- _ACTIVITY_
Transcribe exactly the lines that fall between the one holding "lot 19949 image: Tubicen" and the one holding "Custodia portafoglio in", inclusive, from the entries below.

[Items from a data source]
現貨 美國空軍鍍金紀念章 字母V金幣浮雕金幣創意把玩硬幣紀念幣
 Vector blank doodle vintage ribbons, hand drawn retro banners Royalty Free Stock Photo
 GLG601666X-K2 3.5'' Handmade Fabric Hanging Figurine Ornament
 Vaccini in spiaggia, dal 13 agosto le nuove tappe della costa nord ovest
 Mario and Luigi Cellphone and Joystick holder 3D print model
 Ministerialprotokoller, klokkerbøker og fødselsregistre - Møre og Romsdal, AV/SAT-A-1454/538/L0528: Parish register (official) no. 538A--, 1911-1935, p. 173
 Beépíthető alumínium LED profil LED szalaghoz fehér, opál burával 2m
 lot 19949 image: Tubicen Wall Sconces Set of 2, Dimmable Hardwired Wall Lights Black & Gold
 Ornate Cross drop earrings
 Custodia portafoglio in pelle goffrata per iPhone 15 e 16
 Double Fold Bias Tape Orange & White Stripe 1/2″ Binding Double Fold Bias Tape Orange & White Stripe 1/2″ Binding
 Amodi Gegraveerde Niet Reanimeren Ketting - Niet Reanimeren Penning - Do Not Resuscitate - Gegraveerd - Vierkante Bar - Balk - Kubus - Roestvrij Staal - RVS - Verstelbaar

- _WRITTEN REPLY_
 lot 19949 image: Tubicen Wall Sconces Set of 2, Dimmable Hardwired Wall Lights Black & Gold
 Ornate Cross drop earrings
 Custodia portafoglio in pelle goffrata per iPhone 15 e 16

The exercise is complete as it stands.